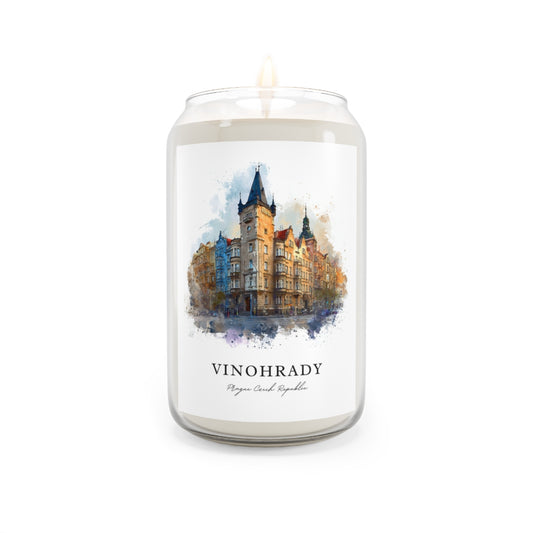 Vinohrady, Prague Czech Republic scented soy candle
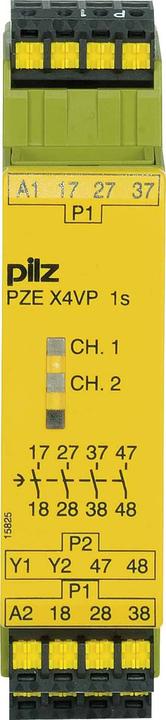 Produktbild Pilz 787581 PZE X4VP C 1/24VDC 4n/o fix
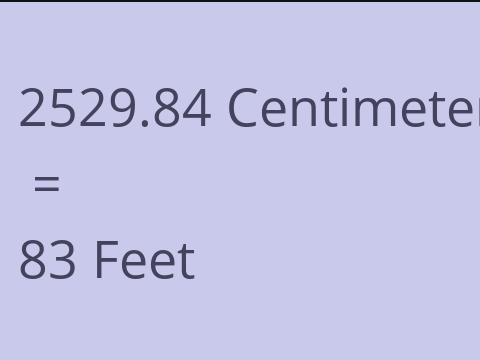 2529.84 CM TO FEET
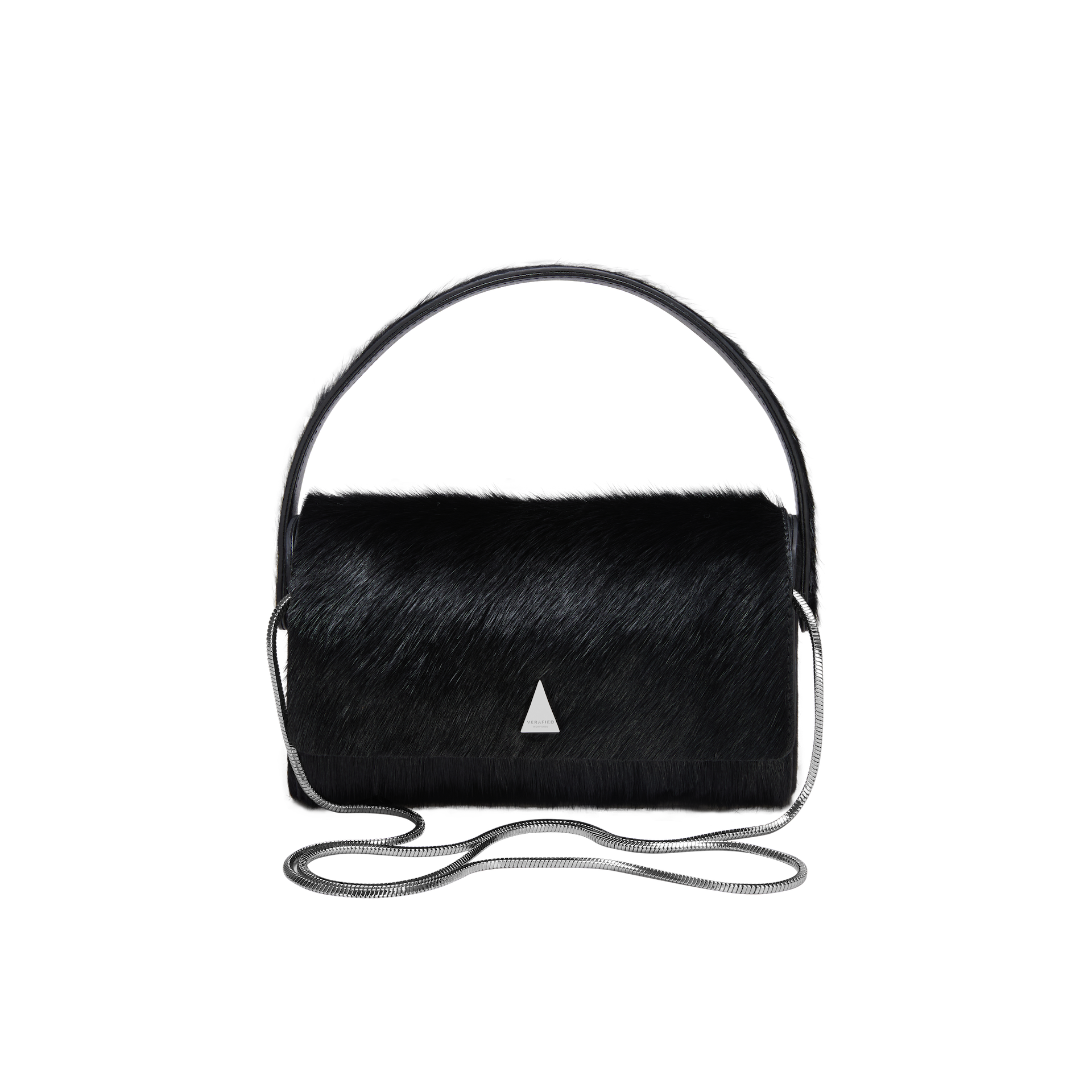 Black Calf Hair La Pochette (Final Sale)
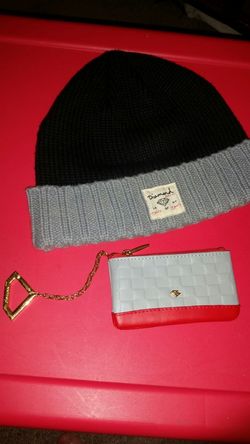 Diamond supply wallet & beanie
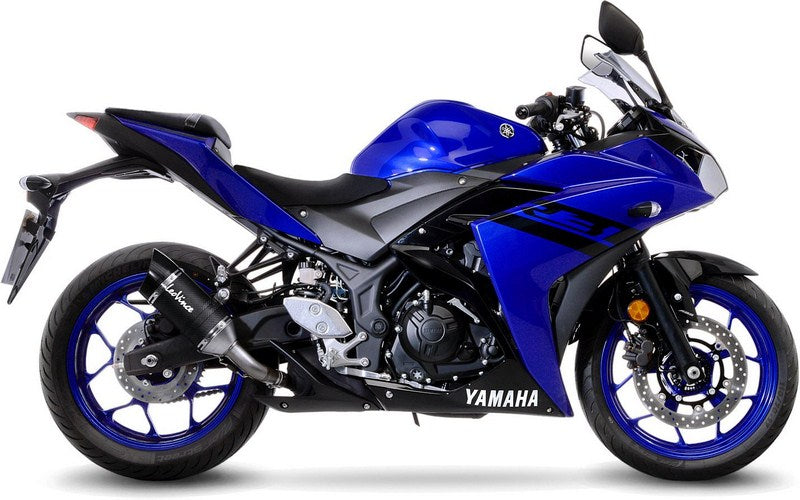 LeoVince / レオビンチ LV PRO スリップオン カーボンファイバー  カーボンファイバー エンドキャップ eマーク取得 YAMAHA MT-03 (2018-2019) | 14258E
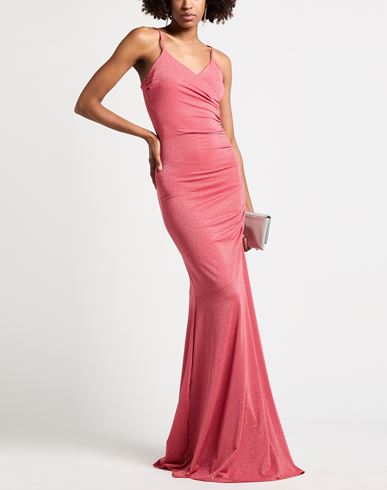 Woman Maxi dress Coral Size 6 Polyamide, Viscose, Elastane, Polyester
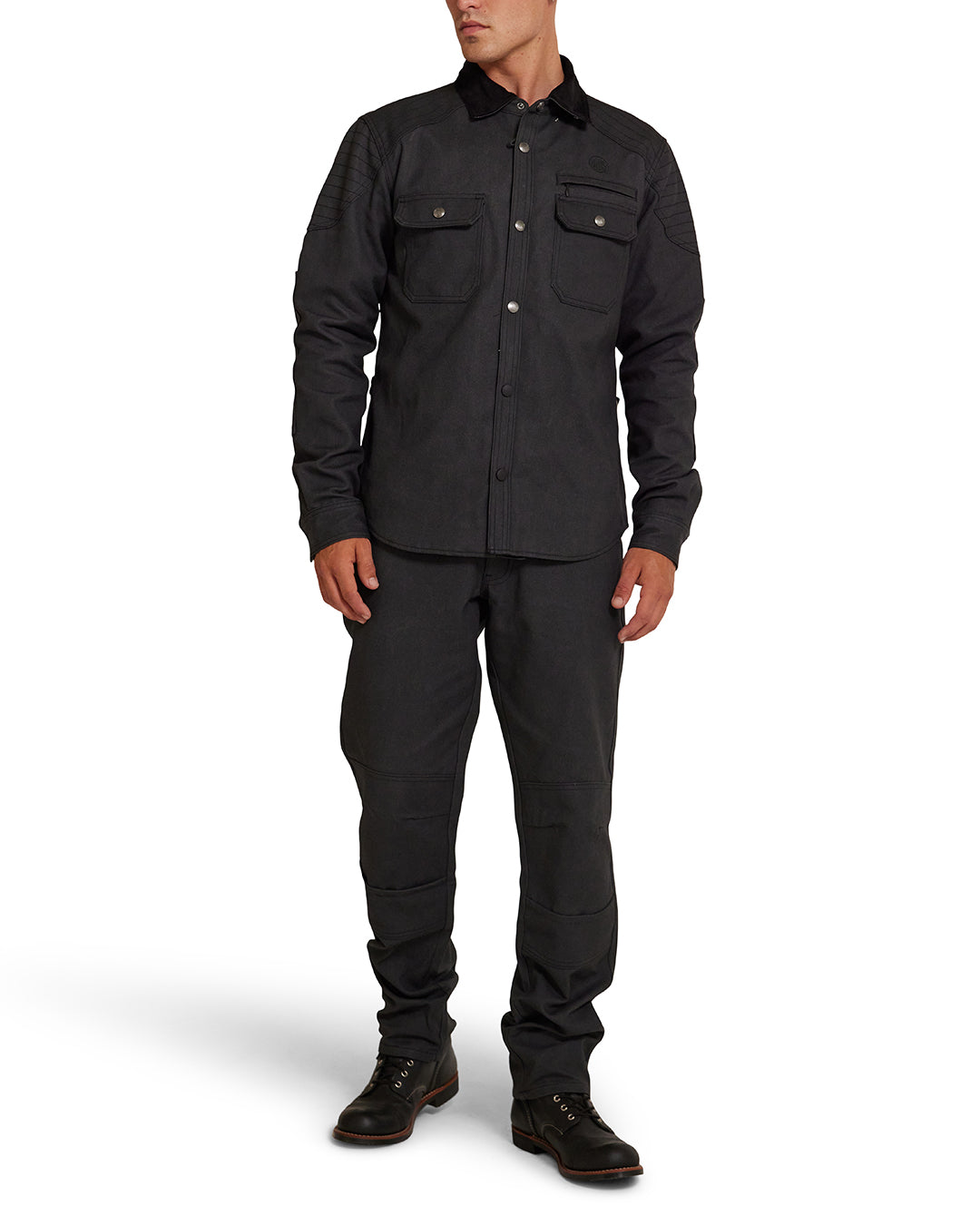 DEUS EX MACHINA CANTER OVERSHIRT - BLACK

++++++

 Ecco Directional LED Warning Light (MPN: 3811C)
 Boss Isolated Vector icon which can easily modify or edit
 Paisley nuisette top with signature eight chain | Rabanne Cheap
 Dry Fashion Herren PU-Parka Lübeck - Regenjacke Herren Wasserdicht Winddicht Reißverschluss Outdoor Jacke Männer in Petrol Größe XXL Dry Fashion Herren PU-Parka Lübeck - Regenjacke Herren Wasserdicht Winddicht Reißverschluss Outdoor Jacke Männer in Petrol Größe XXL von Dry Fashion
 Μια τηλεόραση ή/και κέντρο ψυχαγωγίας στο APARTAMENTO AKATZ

++++++

**WHAT IS EXPECTED**
Return only the stretch of the material above from the line holding "Boss Isolated Vector" through the line holding "Paisley nuisette top", copied exactly.

**ANSWER SPACE**
 Boss Isolated Vector icon which can easily modify or edit
 Paisley nuisette top with signature eight chain | Rabanne Cheap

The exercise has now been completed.